[Opening Data shown section]

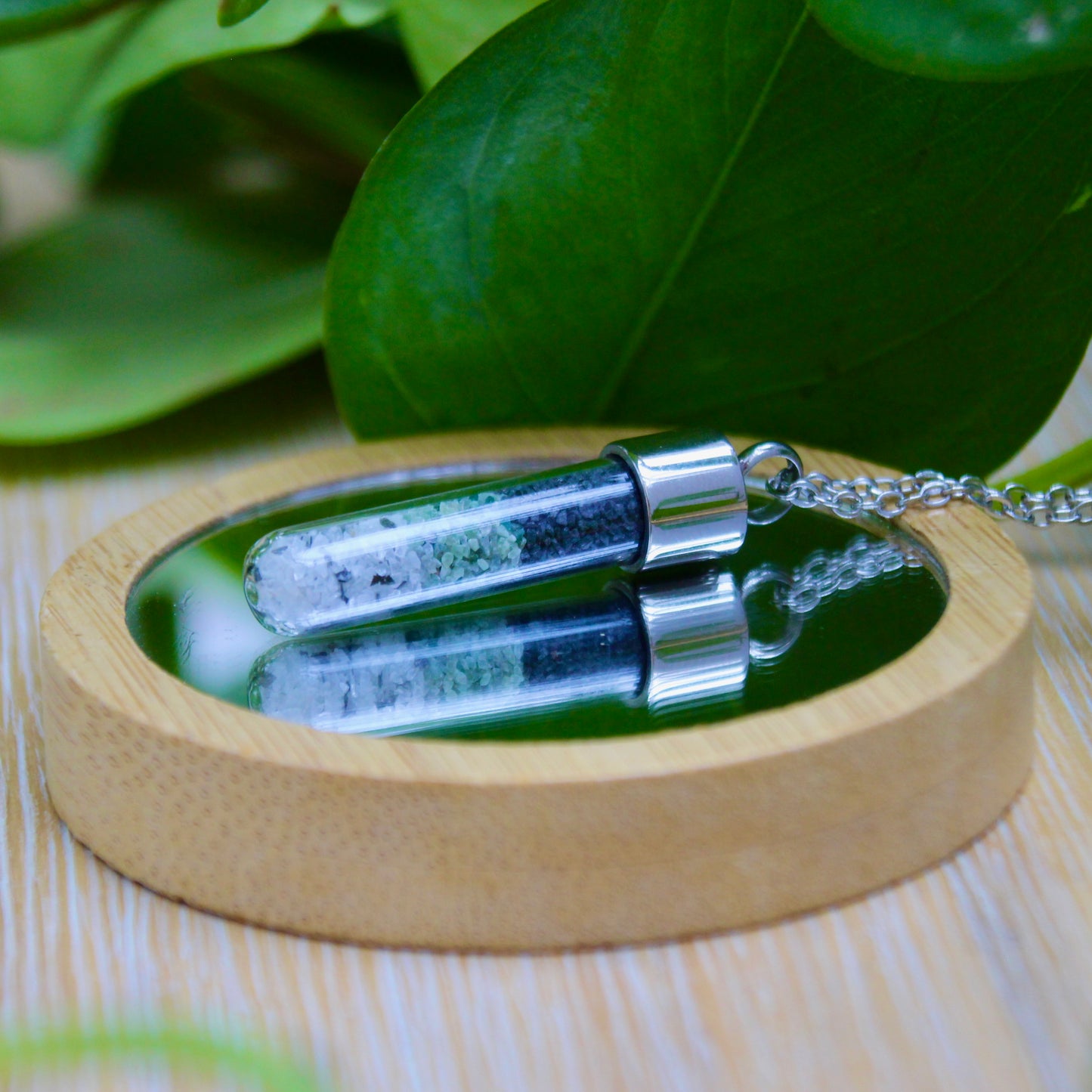 Taurus Crystal Necklace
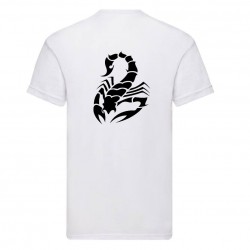 tee-shirt-personnalise-scorpion-homme-blanc-dos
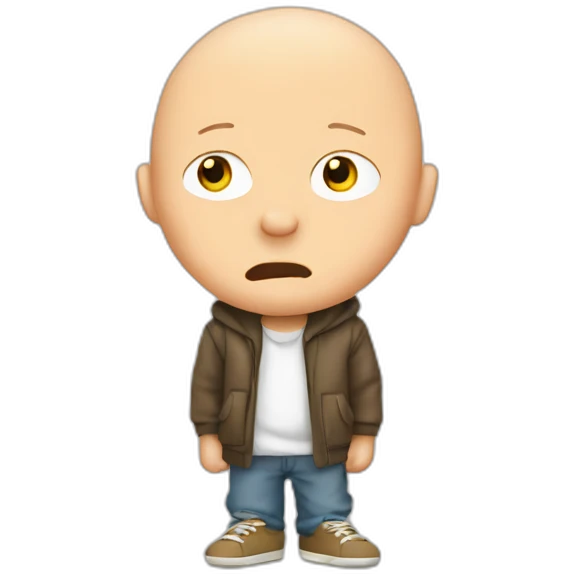 Stewie Griffin emoji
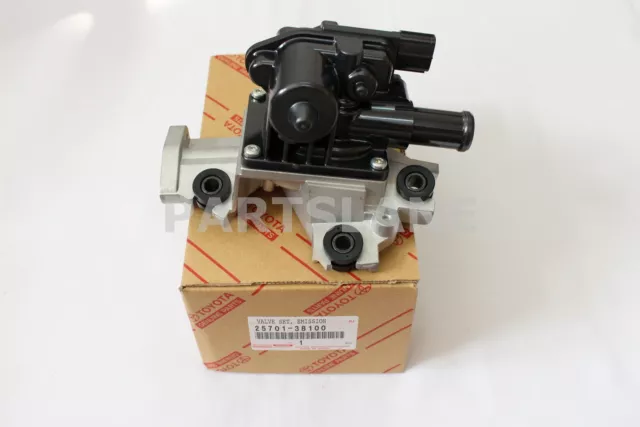 Toyota Lexus Genuine Tundra Sequoia Gx460 Oem Emission Air Diverter 25701-38100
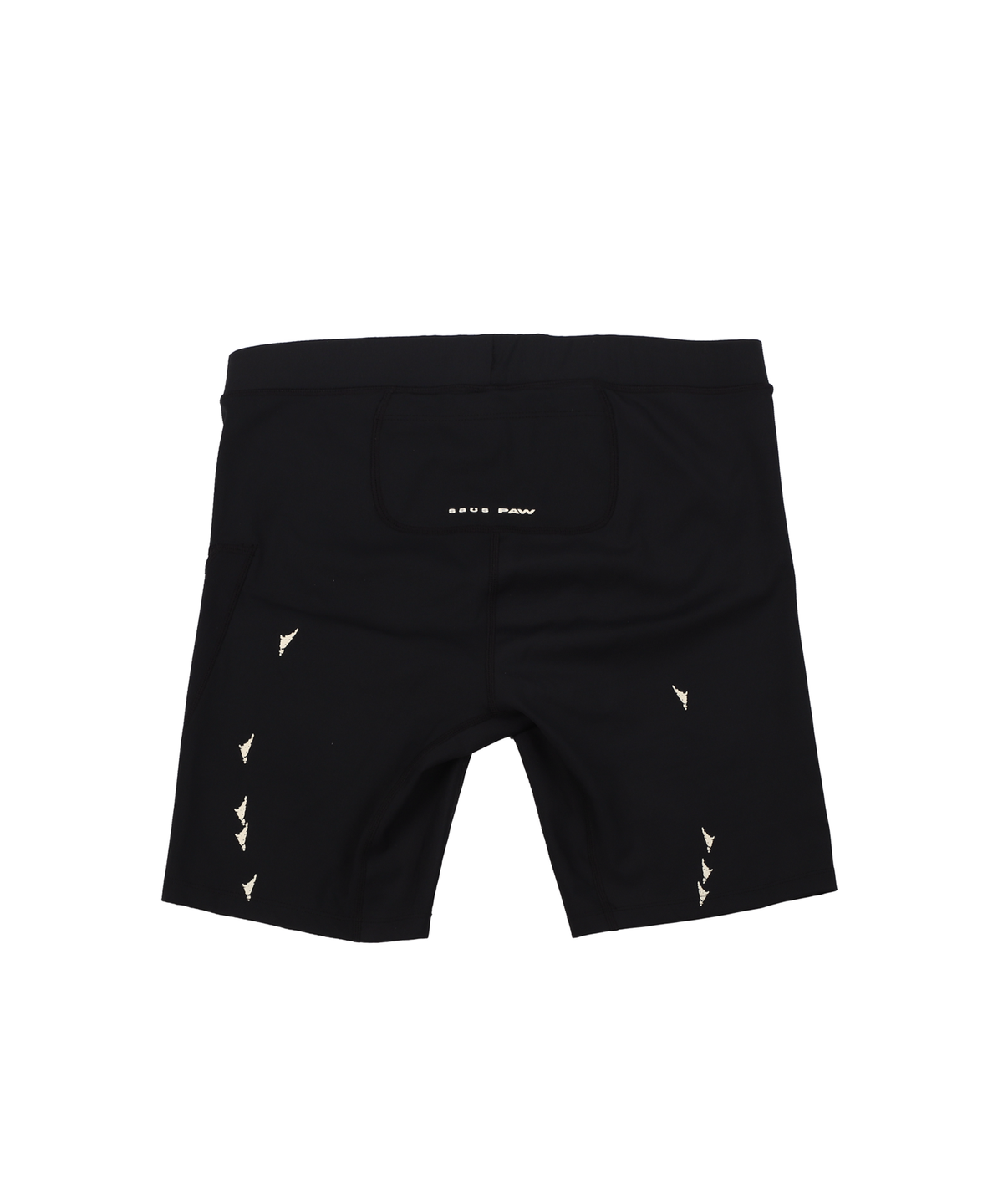 사우스포 서울(SAUSPAWSEOUL) FUNCTIONAL SHORTS - BLACK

[Closing Data shown section]

■ Task brief
Without the pictures, write out the whole listing above exactly as it appears.

■ Response
 Taurus Crystal Necklace
 tee-shirt-personnalise-scorpion-homme-blanc-dos
 Stewie Griffin emoji
 Toyota Lexus Genuine Tundra Sequoia Gx460 Oem Emission Air Diverter 25701-38100
 사우스포 서울(SAUSPAWSEOUL) FUNCTIONAL SHORTS - BLACK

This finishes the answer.